# New KTM Details



## Stutz (Oct 11, 2009)

It’s currently on display at the 2010 Tokyo Motorcycle Show – KTM’s all-new “Freeride”, the Austrian manufacturer’s first zero-emission motorcycle prototype. There are actually two “near-series prototypes” slated to be on display, an off-road version as well as what appears to be a supermoto version, likely aimed at being street-legal. 

As for the official release of the Freeride, KTM says development is right on target, and plans to have them available in the U.S. as early as this summer. No MSRP has been announced, but the manufacturer plans to keep the price competitive with current enduro machines which they say is under 10,000 Euro. At the current exchange rate, that roughly translates to $13,000. 
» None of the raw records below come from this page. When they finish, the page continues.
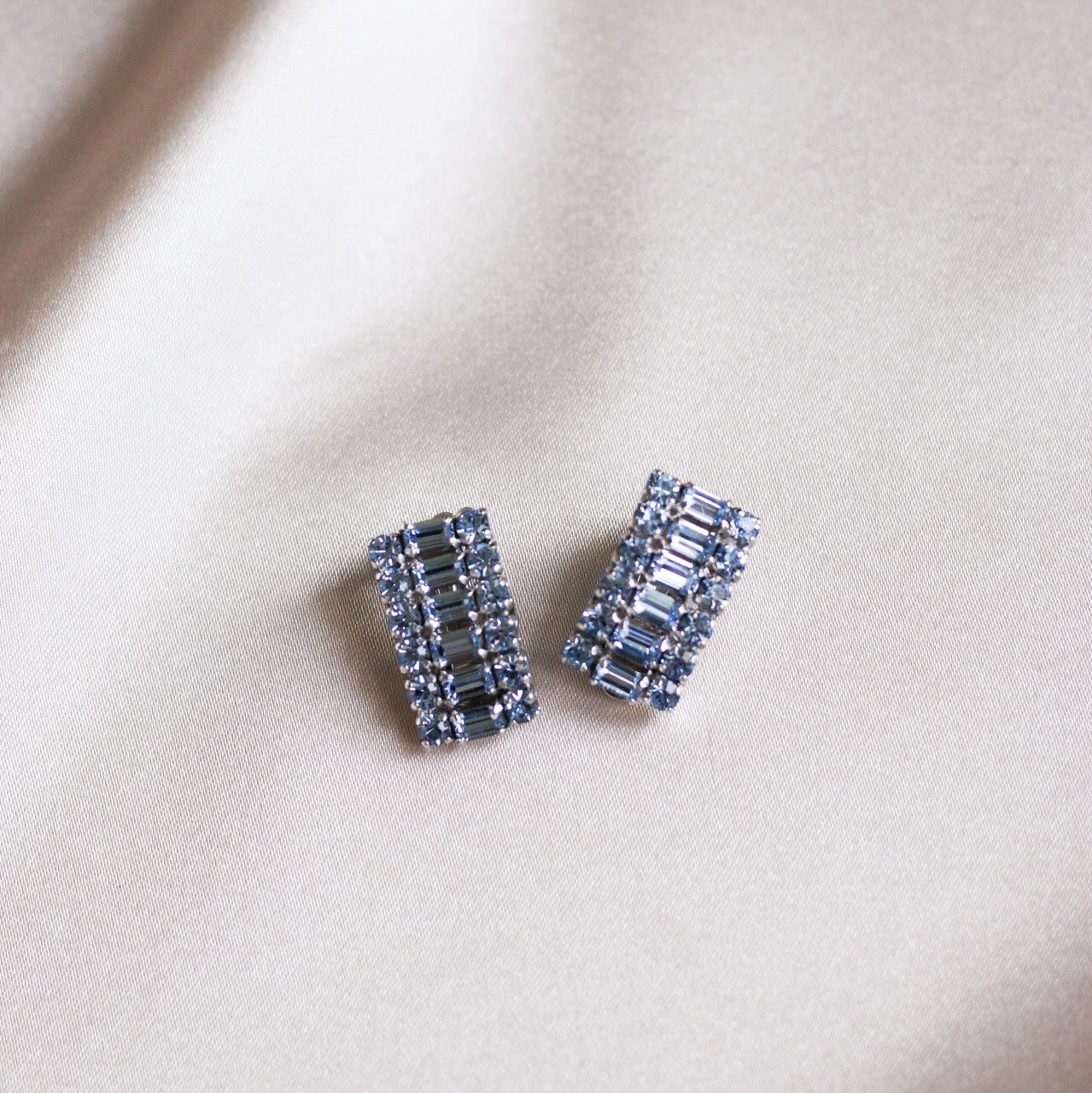 *Vintage treasure* Gustave Sherman mid-century small light blue crystal clip-on baguette earrings (signed)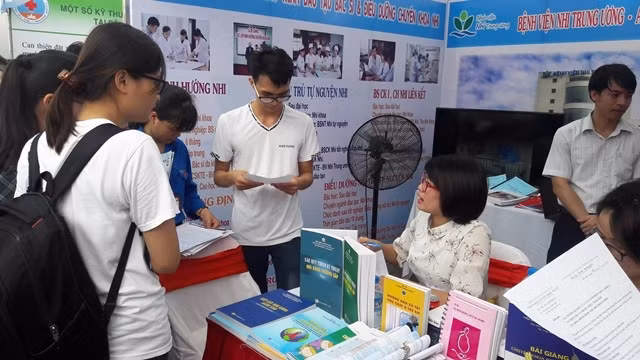 Hơn 1.000 sinh viên ngành y tham gia ngày hội việc làm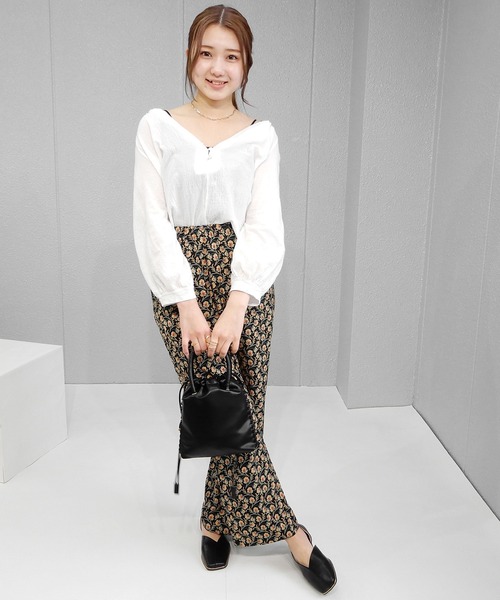 minia(ミニア)の「かがりステッチ2WAYバッグ<巾着・ショルダー>(ショルダーバッグ・レディース・グリーン/アイボリー/シルバー/ブラック・FREE)」の9枚目の写真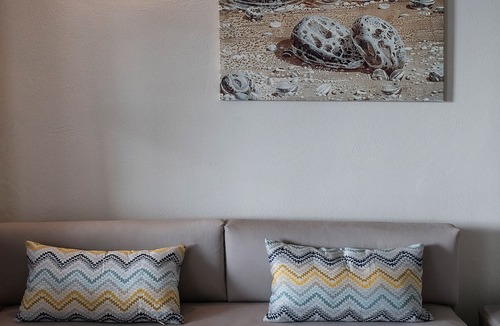 Livadi House | Alianthos Suites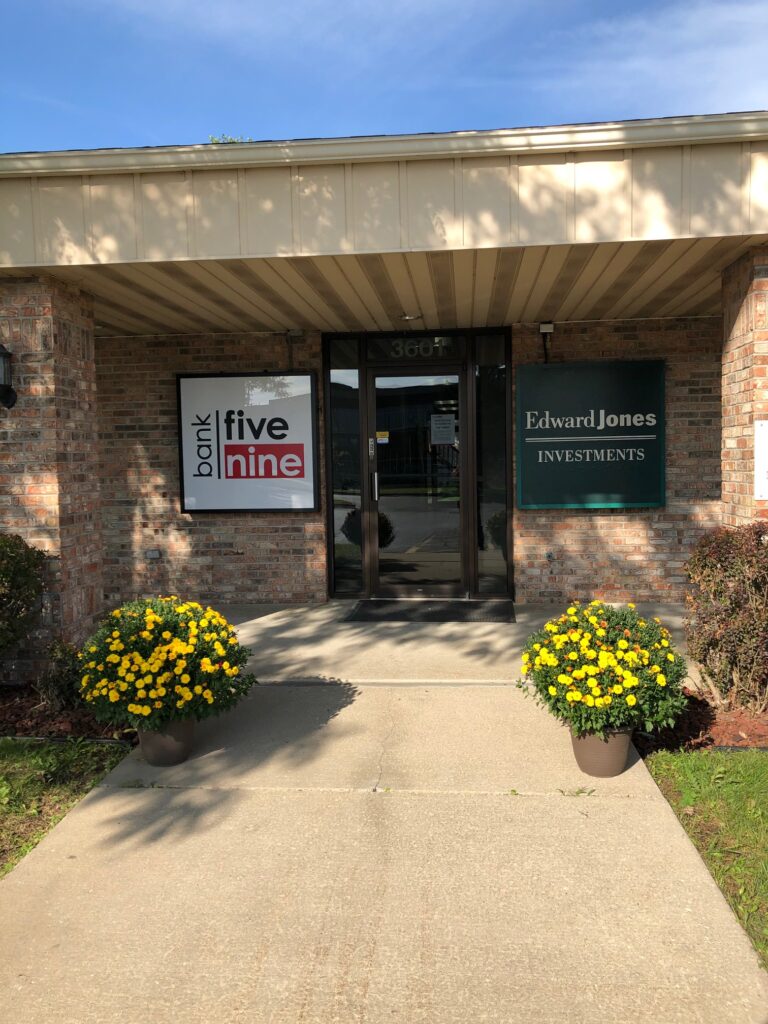 Bank Five Nine Loan Office in Appleton, WI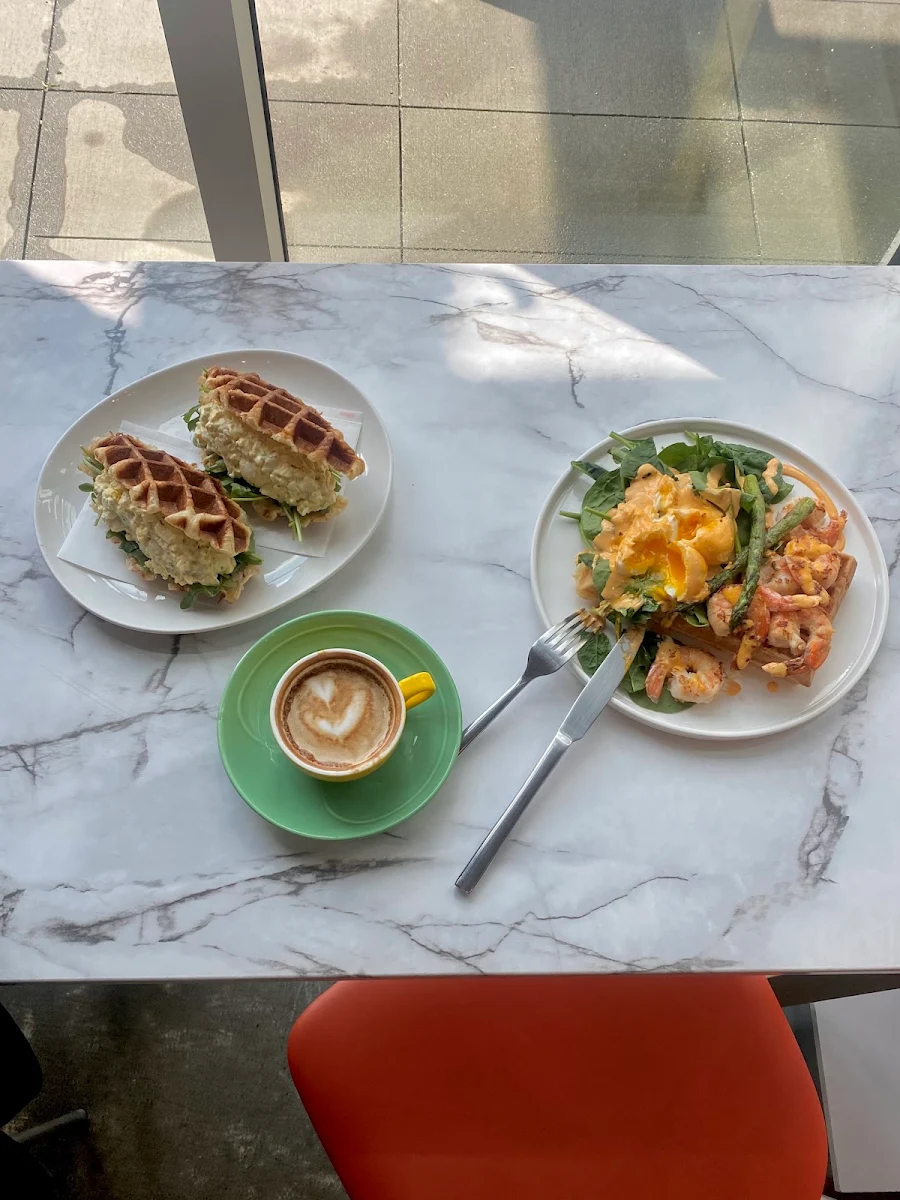 Croffle Egg Sandwich, Canffle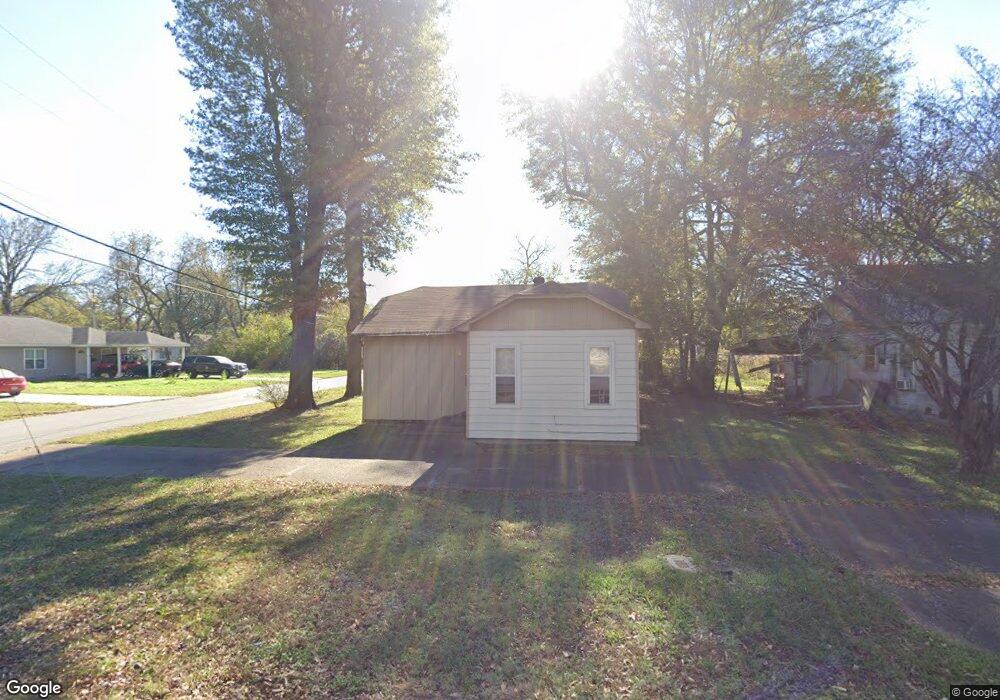 812 E 7th St, Stuttgart, AR 72160 - photo 1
Read on to see what KTM has to say about its new release, which will no doubt stir a pot of controversy in the off-road market. Check out the specifications and get answers to some frequently asked questions on the Freeride.

_The following is a release from KTM..._

KTM showed the first prototype of a “zero emission” motorcycle in October 2008, a project that was the result of the company’s cooperation with the Vienna Development Institute “Arsenal Research”. Now, 18 months later, the sports motorcycle manufacturer from Mattighofen in Austria is right on target for the release of the first series-ready KTM electric sports motorcycle. Under the title “Freeride” KTM will present two near-series prototypes at the 2010 Tokyo Motorcycle Show, which in one year’s time will transfer the sporting spirit of the brand that is always “Ready to Race” into a series model fit for the 21st century.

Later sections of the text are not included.